T井R子について20

しかしながら、愚かな私は、T井に言えずにいた。自身のことではあったからだ。もっとも、言ったところで、いかにごまかすかしか、問題にはならなかったろうけど_____
ヒポクリットが、「仲間」の立場で物事を考えることは、有り得ないからだ。よって、「相談」したところで、T井は私を中傷しただけだったろうとは思う、裏切るのか、とばかりに。
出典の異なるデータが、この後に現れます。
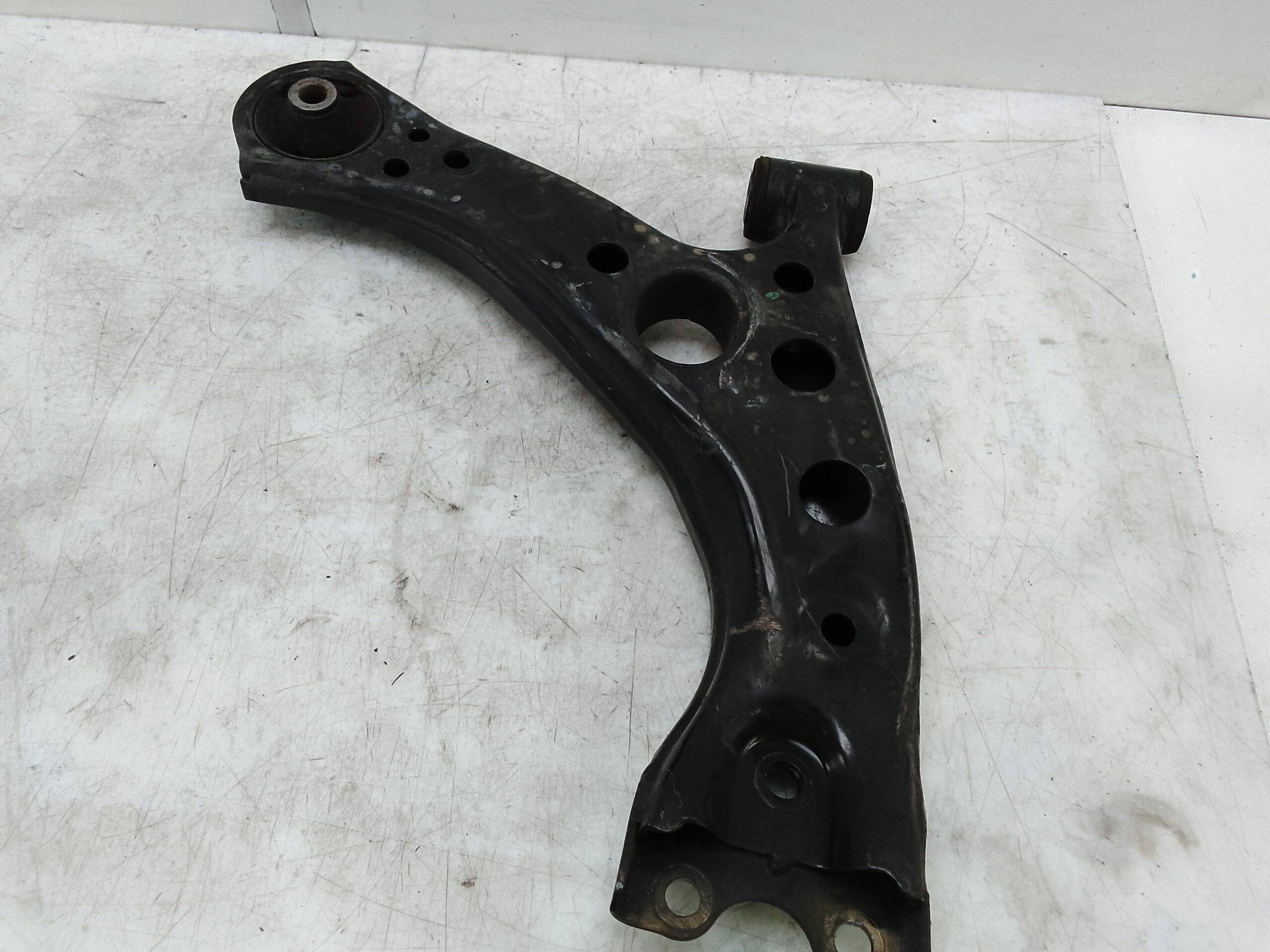 Brazo suspension inferior delantero derecho toyota c-hr (x10)(10.2016->)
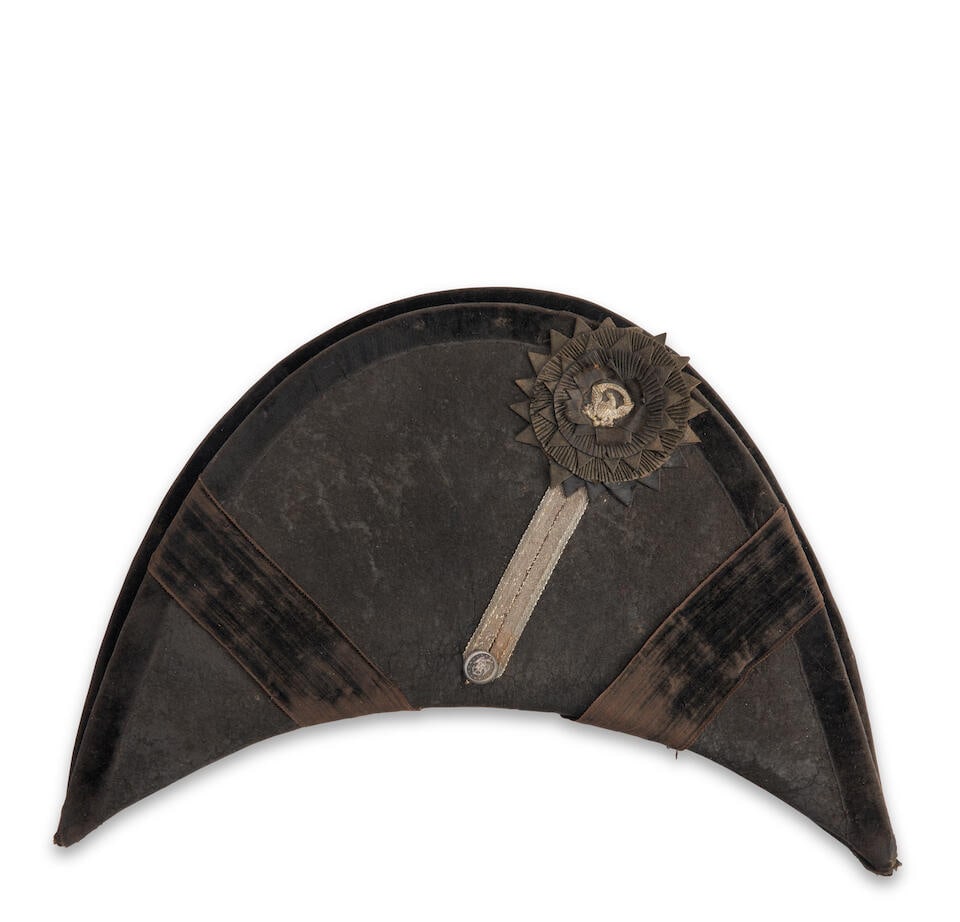 A U.S. NAVY OFFICER'S CHAPEAU BRAS. (1 of 3)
かといって、Nの提案を鵜呑みにしてしまうと、暮らしはましになったかもしれないが、その時の私の生の望み、職業作家という夢そして可能性が潰えてしまう気がした。このような事態を招いたのは、離郷間際に、T井のせいとはいえ左翼とのかかわりをフリーズできなかったからだ。その際にT井は偽善を使ったから、この女に対して私は、千年の恨みを今も抱いている。
確かに、20年前の民主文学という枠内でよければ、「作家」にはなれたかもしれない。しかしあれは、少なくとも載っていた「小説」は、あまりにレベルが低かった。書き手自身は、リアルドローイング、のつもりなのだろうけど、単に練ってない、しかも突き放しが利いていないだけの代物に過ぎなかった。
思いっきり脱線したけど、赤い大学のことで譲れなかった私とNたちとの話しは、折り合いがつかずに終わった。もっとも、これで終わるほどNは甘くなかったが。